Mi chiamo Marilina Giaquinta, catanese di nascita, di studi, di lavoro, di vita, una laurea in legge, l’altra non importa, sposata, tre figli, due cane raccolte dalla strada, cinefila fino alla dipendenza, librovora (come la protagonista de “L’insostenibile leggerezza dell’essere” di Kundera, porto sempre un libro in borsa), fino a qualche mese fa, poliziotto, di quelli che riempiono i gialli di oggi, con un grado strano che nessuno ha mai capito, nemmeno io che lo portavo. Tanto nei gialli televisivi e in quelli che tanto si usano adesso ci chiamano sempre “Commissari”. Cinque anni fa ho pubblicato il mio primo libro, una raccolta di poesie dal titolo “Il passo svelto dell’amore”. Il mio ultimo è ancora una raccolta di poesie dal titolo “Addimora”. Nel mezzo due raccolte di racconti, una delle quali tradotta in Germania. Qualcuno ha detto che scrivere è un atto di coraggio. Non è vero: scrivere è proprio un bisogno, del genere o scrivi o muori. Altrimenti, leggi e basta. Che ti fa bene. È pubblicare un atto di coraggio: ti consegni a chi ti legge, al suo giudizio, ti sveli senza condizioni. La scrittura ti rivela tutta e non hai scampo. La poesia di più.

Elisabetta Destasio

Nasce il 3 Maggio 1968 a Roma, dove vive.
Scopre già dall’adolescenza, anche grazie all’amicizia paterna con Pier Paolo Pasolini, la predilezione per il componimento poetico. Lavora nell’ambito delle produzioni teatrali e musicali, dal 1995. Collabora come consulente esterno di produzione con l’Accademia di Santa Cecilia di Roma. Lavora con Carmelo Bene, Luciano Berio, Lina Sastri, Ennio Morricone. Dal 2013 intraprende l’attività di consulente editoriale ed editor. Relatrice in convegni dedicati al tema della lotta contro la violenza di genere, presso Ordine dei Medici di Roma, Dicembre 2015, Novembre 2016; Camera dei Deputati, a Febbraio 2016; Intervento presso Casa della Cultura di Milano per “Donne in poesia”, Ottobre 2017. Delega alla cultura per il Comune di Fiumicino, Roma, dal 2103 fino al mese di settembre del 2014. Membro del comitato organizzativo del Premio Poesia Città di Fiumicino, nel 2015 e 2016. Pubblicata da LietoColle Editore nell’Agenda Poetica 2013 e 2019. Presente nell’Atlante dei Poeti creato da Griselda, portale di letteratura del dipartimento di Italianistica dell’Università di Bologna. In occasione della Notte Bianca della Legalità riceve il “Premio Legalità Fiumicino 2018” per l’impegno civile e sociale svolto per la Fondazione Vassallo. A settembre del 2019 è curatrice e direttrice artistica della rassegna “Poeti in itinere” Prima edizione. Nel mese di Ottbre del 2109 alcuni suoi inediti sono stati tradotti in lingua araba e inglese, dalla scrittrice e giornalista Amal Bouchareb, per la rivista culturale letteraria Alaraby Aljadeed, diretta dal poeta Najwan Darwish.

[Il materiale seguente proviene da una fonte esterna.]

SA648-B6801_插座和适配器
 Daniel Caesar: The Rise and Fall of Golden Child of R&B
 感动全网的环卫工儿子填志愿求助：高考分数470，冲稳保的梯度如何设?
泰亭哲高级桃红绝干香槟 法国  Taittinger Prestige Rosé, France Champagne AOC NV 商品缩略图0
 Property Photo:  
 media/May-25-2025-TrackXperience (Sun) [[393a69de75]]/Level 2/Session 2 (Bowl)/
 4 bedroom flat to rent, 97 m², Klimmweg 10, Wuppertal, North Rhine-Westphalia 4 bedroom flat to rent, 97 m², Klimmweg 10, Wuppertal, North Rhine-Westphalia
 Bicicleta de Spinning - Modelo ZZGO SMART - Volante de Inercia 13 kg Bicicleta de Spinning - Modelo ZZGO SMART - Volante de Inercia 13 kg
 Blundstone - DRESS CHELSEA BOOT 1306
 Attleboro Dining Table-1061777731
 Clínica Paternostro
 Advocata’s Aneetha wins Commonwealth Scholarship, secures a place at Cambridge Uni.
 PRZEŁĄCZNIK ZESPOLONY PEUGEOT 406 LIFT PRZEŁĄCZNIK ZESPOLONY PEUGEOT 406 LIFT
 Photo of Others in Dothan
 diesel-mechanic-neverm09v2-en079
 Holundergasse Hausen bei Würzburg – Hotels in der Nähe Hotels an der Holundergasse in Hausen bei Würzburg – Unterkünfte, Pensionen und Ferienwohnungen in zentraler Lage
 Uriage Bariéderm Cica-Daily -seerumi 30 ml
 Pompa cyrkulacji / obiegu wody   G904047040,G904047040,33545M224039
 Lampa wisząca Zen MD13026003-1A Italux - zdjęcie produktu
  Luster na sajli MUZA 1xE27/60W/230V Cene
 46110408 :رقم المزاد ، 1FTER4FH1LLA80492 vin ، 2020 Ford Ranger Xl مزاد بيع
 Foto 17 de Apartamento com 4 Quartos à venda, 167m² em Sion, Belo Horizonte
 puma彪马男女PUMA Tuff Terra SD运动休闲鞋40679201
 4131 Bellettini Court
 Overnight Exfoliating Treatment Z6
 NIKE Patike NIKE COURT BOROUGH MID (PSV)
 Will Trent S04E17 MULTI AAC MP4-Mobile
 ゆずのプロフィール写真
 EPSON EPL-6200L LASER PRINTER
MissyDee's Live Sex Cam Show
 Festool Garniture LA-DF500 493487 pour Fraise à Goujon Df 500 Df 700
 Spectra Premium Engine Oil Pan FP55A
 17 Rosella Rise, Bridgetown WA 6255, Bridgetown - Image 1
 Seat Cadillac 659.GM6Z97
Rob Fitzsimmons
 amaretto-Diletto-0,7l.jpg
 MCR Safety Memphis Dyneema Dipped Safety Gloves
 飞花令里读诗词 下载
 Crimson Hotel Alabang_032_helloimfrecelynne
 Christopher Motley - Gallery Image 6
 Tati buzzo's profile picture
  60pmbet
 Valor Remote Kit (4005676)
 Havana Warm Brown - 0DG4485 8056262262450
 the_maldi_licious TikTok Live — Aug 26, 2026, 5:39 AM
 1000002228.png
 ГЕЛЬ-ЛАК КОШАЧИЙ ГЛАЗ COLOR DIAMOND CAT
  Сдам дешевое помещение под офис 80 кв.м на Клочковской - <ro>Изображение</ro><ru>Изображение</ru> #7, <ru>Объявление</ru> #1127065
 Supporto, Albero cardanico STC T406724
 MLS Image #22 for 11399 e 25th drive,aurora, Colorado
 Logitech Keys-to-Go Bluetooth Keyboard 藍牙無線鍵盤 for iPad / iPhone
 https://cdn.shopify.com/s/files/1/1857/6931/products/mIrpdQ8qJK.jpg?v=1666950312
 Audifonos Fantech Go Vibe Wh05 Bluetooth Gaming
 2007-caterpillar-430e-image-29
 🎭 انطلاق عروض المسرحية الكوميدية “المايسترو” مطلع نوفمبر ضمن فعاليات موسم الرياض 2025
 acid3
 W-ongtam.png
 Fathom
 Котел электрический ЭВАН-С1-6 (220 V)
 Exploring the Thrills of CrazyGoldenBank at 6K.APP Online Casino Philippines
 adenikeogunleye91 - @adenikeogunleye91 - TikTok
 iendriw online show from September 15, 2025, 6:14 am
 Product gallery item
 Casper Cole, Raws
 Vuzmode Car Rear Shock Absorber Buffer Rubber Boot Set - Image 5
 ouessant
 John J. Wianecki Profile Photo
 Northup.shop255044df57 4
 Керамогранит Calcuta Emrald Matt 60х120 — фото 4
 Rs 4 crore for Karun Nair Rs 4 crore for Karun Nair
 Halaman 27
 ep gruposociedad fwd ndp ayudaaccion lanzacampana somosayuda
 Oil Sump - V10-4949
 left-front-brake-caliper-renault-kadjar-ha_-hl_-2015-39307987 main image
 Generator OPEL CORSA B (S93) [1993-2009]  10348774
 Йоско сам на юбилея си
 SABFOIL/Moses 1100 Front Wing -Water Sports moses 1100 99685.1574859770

Autrice delle raccolte di versi “Sogno d’acciaio” e “Corpo in animae” entrambi pubblicati da Annales Edizioni (prefazione di Alberto Bertoni).
Di prossima pubblicazione: “Da luoghi profani” Opera terza (supervisione a cura di Alberto Bertoni e Milo De Angelis).
Ha in corso d’opera: “Di tutti e di nessuno”; “Inedita” opera in endecasillabi; “Donne senza voce”, racconto/testimonianza di donne nel sud est dell’Africa. Storie di violenza e vita sopravvissuta; conduce approfondimenti sul tema del dolore e della malattia, in collaborazione con l’équipe del Policlinico di Tor Vergata di Roma. Coordinamento letterario: dott. Giampaolo Gombi e prof. Gianmario Anselmi, ex direttore del Dipartimento di Filologia Classica e Italianistica, presso l’Università di Bologna e docente di Letteratura.